A recent survey from Charles Schwab revealed that 87 percent of American workers would hire someone to change their car's oil yet only 24 percent would get help to figure out their 401(k) investments.
This suggests that only a small number of defined contribution plan participants are taking advantage of the help available to them from their defined contribution plan. So why aren't they?
Earlier LIMRA Secure Retirement Institute research found when pre-retirees with household assets of at least $100,000 were asked for reasons why they don't seek professional financial advice, 10 percent said they didn't have enough money to do so. Slightly more than half (53 percent) said they could do just as well or better on their own, and another 48 percent said they didn't want to pay the fees associated with professional advice.*
Record-keeper companies should talk with employers to ensure that their plan participants are aware of the services available to them, including retirement planning advice. LIMRA Secure Retirement Institute research shows that accessing advice could make a difference in retirement planning and outcomes.

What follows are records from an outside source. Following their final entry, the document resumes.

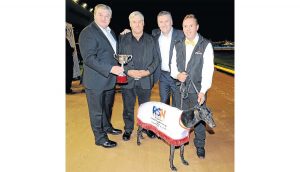 Irma Bale in Sandown Cup nail-biter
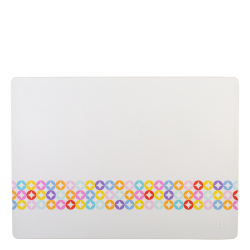 Placemat rectangle PVC Kids color - Elements Ambiente Graphic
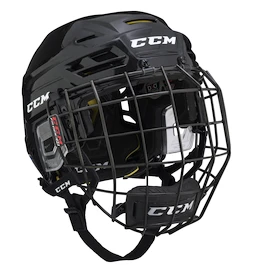 CCM Tacks 310 Combo Black Senior Jégkorong sisak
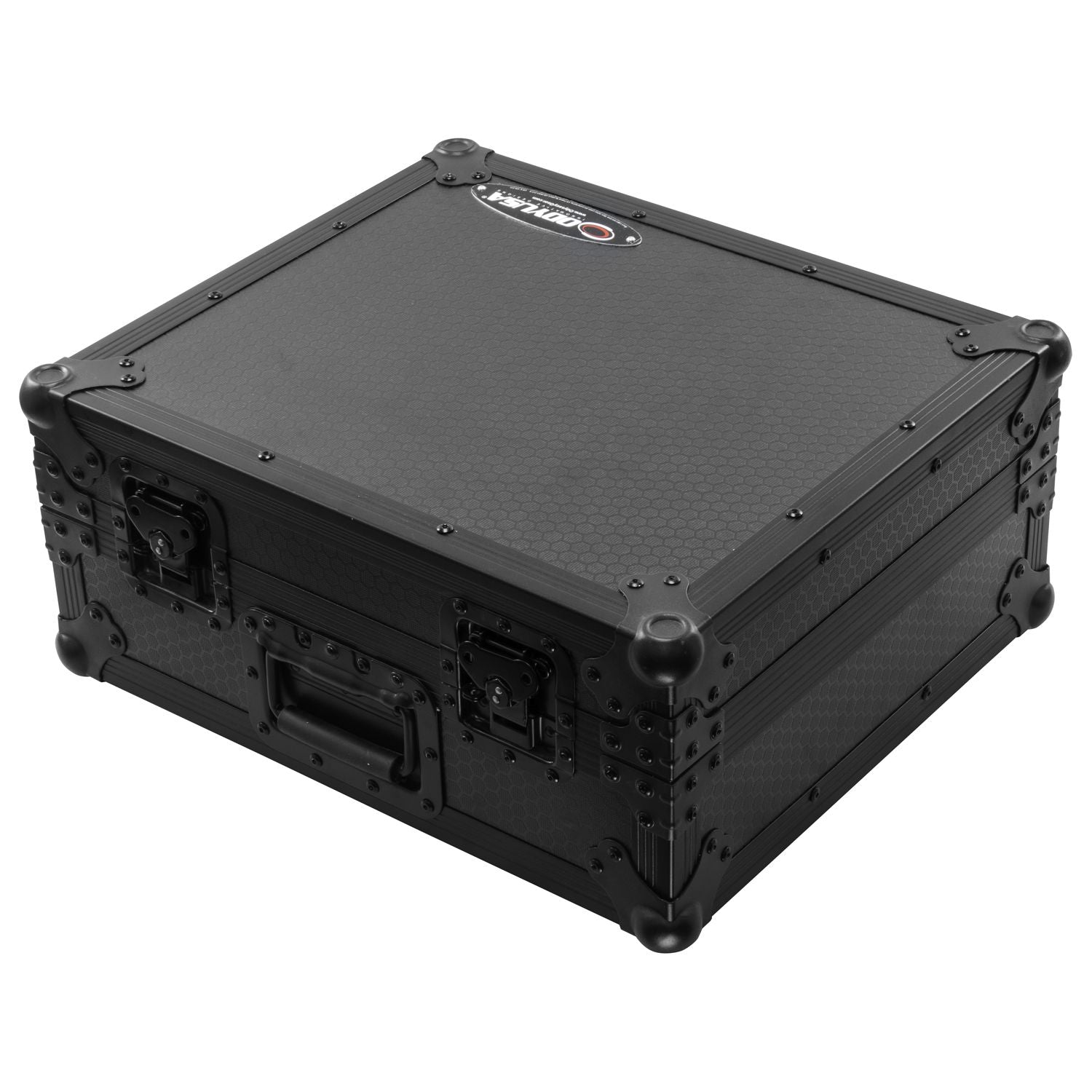 Odyssey 810103 - Industrial Board Case Fitting Technics 1200, Pioneer Turntables, or Similar Size Turntables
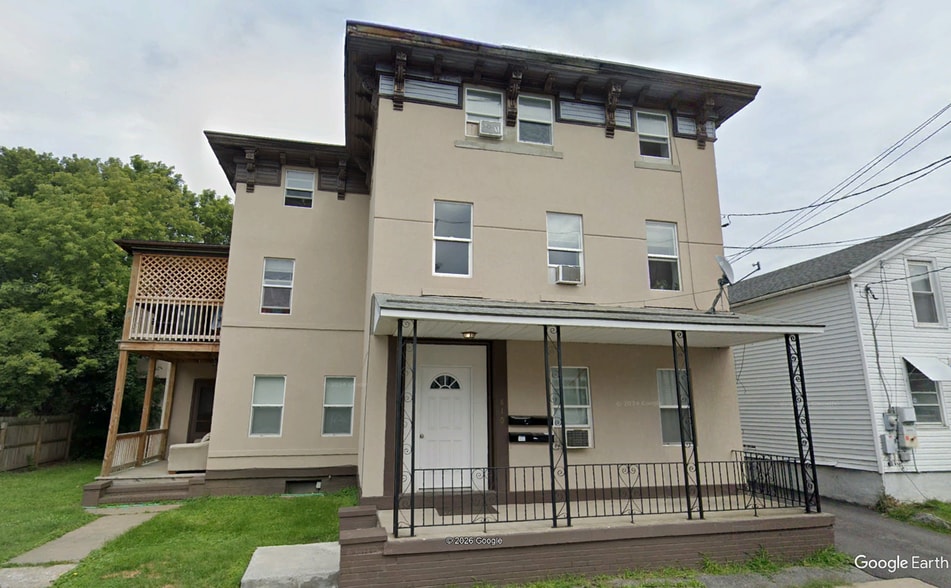813 Hamilton St, Utica, NY for sale - Building Photo - Image 3 of 3
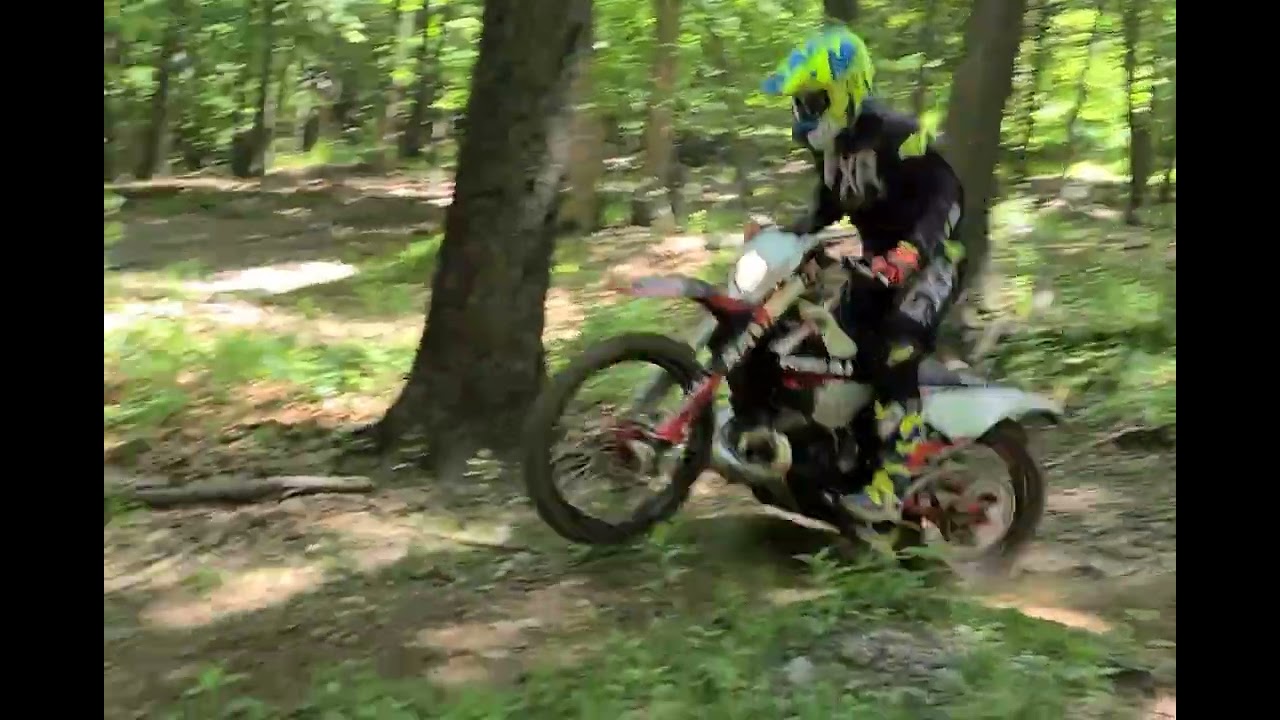 2021 Rieju MR 300 Pro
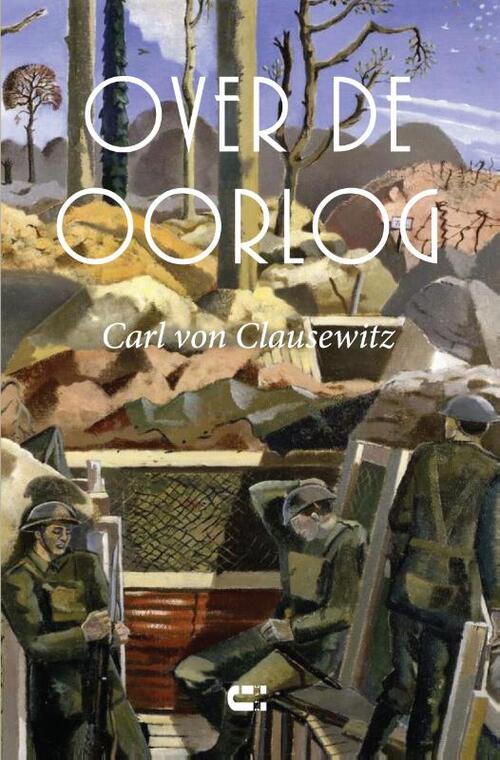 Over de oorlog -  Carl Von Clausewitz (ISBN: 9789086841738)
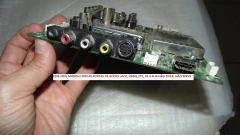 Placa Principal Para Tv Samsung Ln40a330j1 Bn41-00984a na internet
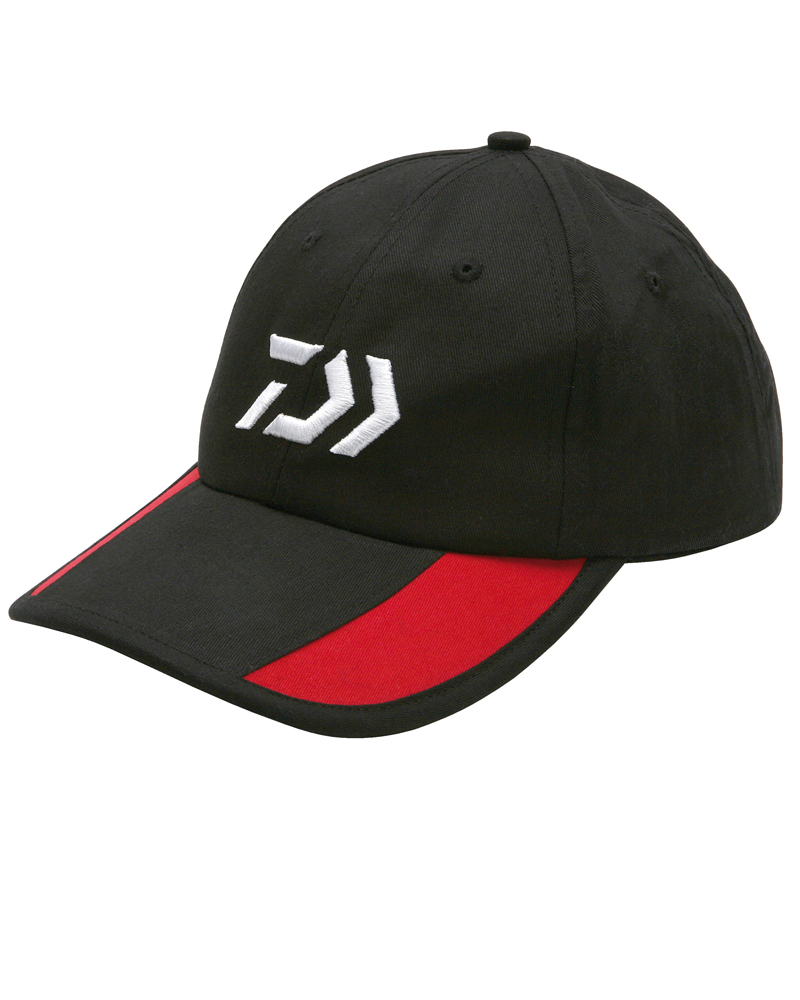 Daiwa Team Cap Red/Black(TCRB)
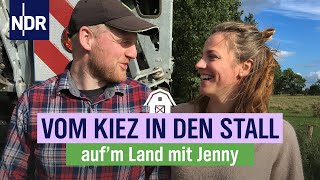 Neues Projekt für die Zukunft Heumilch aus Liebe  Folge 1 NDR aufm Land [upl. by Kistner130]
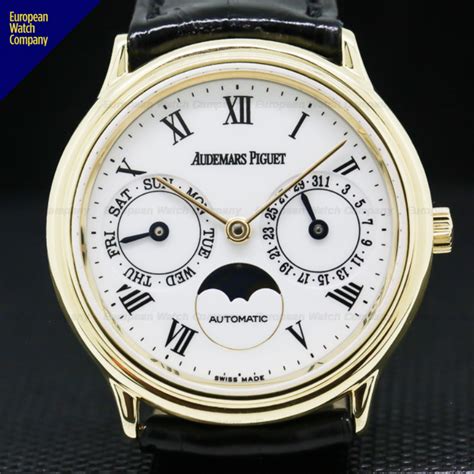 replica audemars piguet moonphase|ap moonphase.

A LIMRA Secure Retirement Institute study revealed that when pre-retirees work with an advisor nearly 80 percent say they are well or moderately prepared for retirement. This is consistent among all income levels. Among pre-retirees who do not seek professional advice, half say they are poorly prepared or not at all prepared for retirement.
No matter what form the communication takes, if people act on good advice they get better results. Who knows? Advice on retirement savings could make good reading material while waiting to get the oil changed.
*Respondents could provide more than one answer.